- Born: 1925 Louisiana, United States
- Died: 1997 (aged 71–72) United States
- Occupation: Business executive
- Known for: Former chairman and chief executive officer of Cigna

= Robert D. Kilpatrick =

American businessman (1925–1997)

Robert D. Kilpatrick (1925–1997) was an American insurance executive who served as the chairman and chief executive officer (CEO) of Cigna.

== Early life ==
Born in 1925 in Louisiana, Kilpatrick attended Ouachita Parish High School and was a multi-sport athlete. He served in the Navy during World War II and the Korean War, receiving the Silver Star and the Purple Heart. Kilpatrick rarely spoke about his war-time experiences and briefly considered careers in professional baseball and teaching before returning to military service during the Korean War.

== Career ==
After his military service, Kilpatrick joined Connecticut General Life Insurance Company in 1954 as an underwriting trainee.

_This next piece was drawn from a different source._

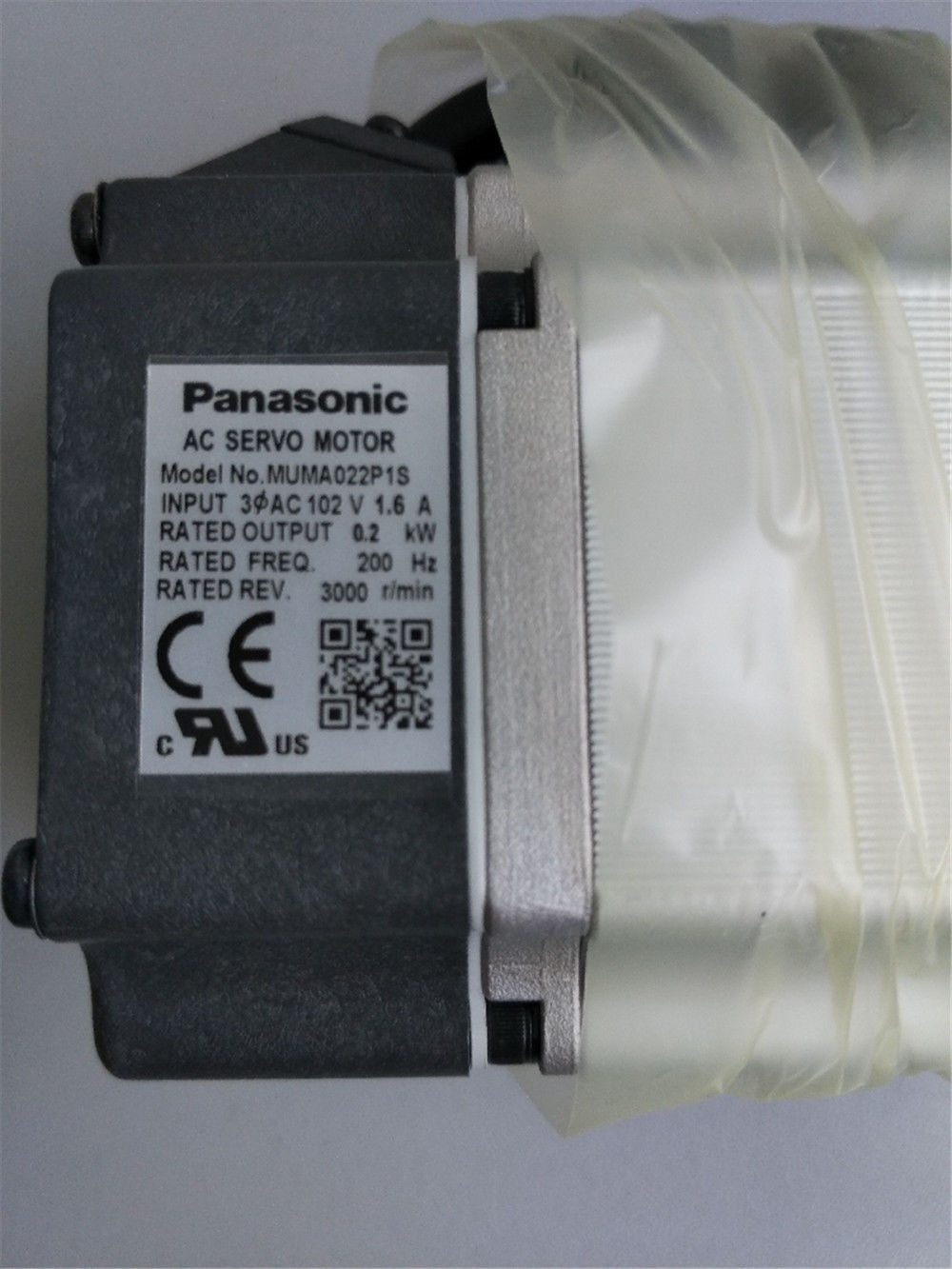 NEUER PANASONIC AC-Servomotor MUMA022P1S im Karton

He was involved in the merger of Connecticut General and INA Corporation in 1982, which resulted in the formation of Cigna. The merger was intended to expand the company's property and casualty insurance division. During Kilpatrick's tenure, Cigna became a major insurance company in commercial property, casualty insurance, and the health maintenance organization sector.

== Death ==
Kilpatrick died in 1997 at the age of 72 from bone marrow cancer.